Labour also rejects the National Standards introduced by the current government, which have been a real concern to many families with autistic children. Labour wants to redirect the resources associated with implementing National Standards, into supporting the students who are “under-achieving” (which, depending on what precisely qualifies as under-achieving, probably encompasses special needs children).
Labour also wants to support the disabled into work, which is another special area of concern in the autism community. There is a lot of rhetoric throughout the disability policy, about increasing the involvement of the disabled in the community, and supporting the independence of the disabled.
On the whole, the policy shows a high level of awareness of the concerns that affect disabled families, including specifically autism families. The Labour Party clearly wants to increase the amount of people who qualify for government services and support in the disability sector, and increase the actual funding available to those who qualify too (often by redistributing, or reorganising the administrative structures that dole out, those funds).

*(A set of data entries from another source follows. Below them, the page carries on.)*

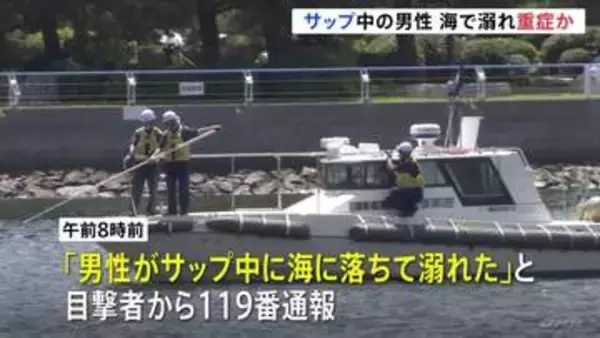 20代くらいの男性がサップ中に海に転落し一時行方不明に　約2時間半後に救助も重症か　横浜・金沢区の八景島付近　海上保安庁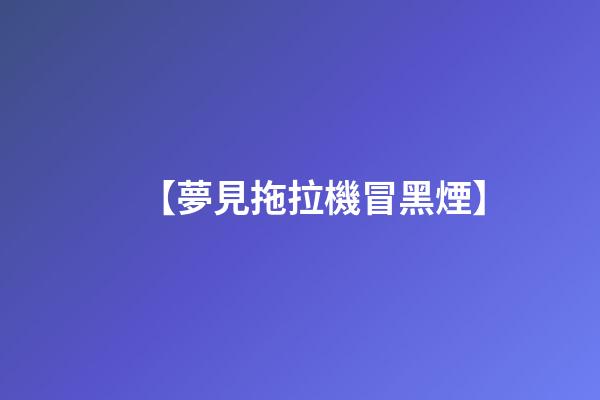 【夢見拖拉機冒黑煙】
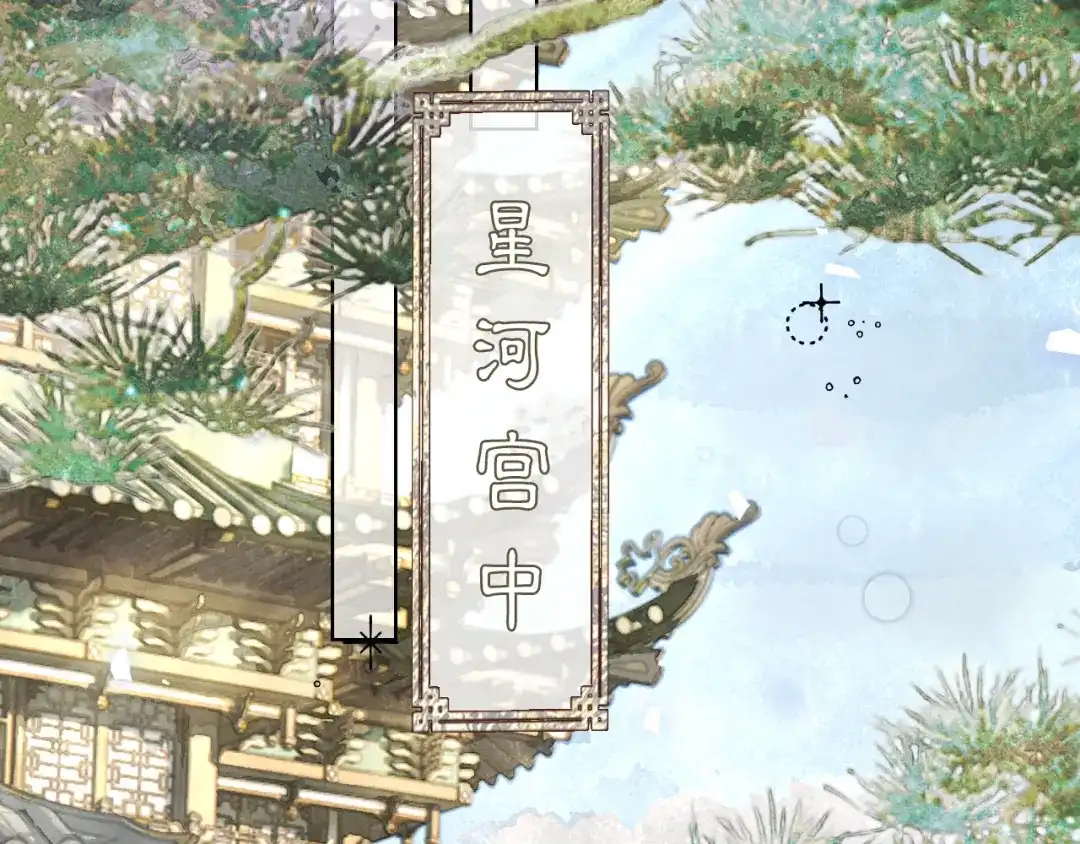 满船清梦压星河 二十七话：最好是能够取代她！ 第44页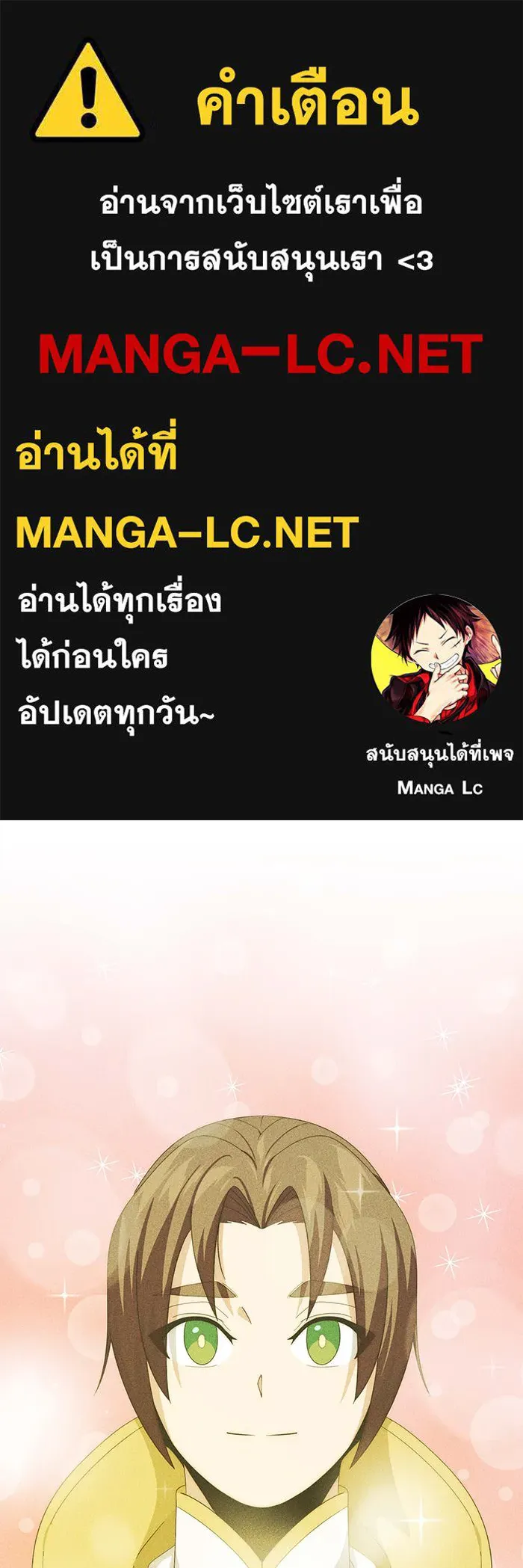 The Dark Magician Transmigrates After 66666 Years – จอมเวทเกิดใหม่ในรอบ 66666 ปี Chap 110 - Next Chap 111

There really is a lot of material available on Labour’s disability attitudes and policies (though, like most of the other Parties, not much in helpful detail). So I do encourage you to click-through on the links provided at the start of my post, if you want to get a fuller picture of where their priorities lie as a Party.
As usual, I end with my standard disclaimer:
Please note, I’m not endorsing voting for Labour, and I am not a member of Labour, or indeed any other political party. No one has asked me, or paid me, to write these posts. If I become aware of Labour introducing any major changes to their policy relevant to autism pre the election, I will add it as a dated edit under this paragraph. I welcome feedback from any and all parts of the political spectrum to this and the other Election 2011 posts I shall be doing, which will all be filed under the category “NZ Elections 2011; Autism.”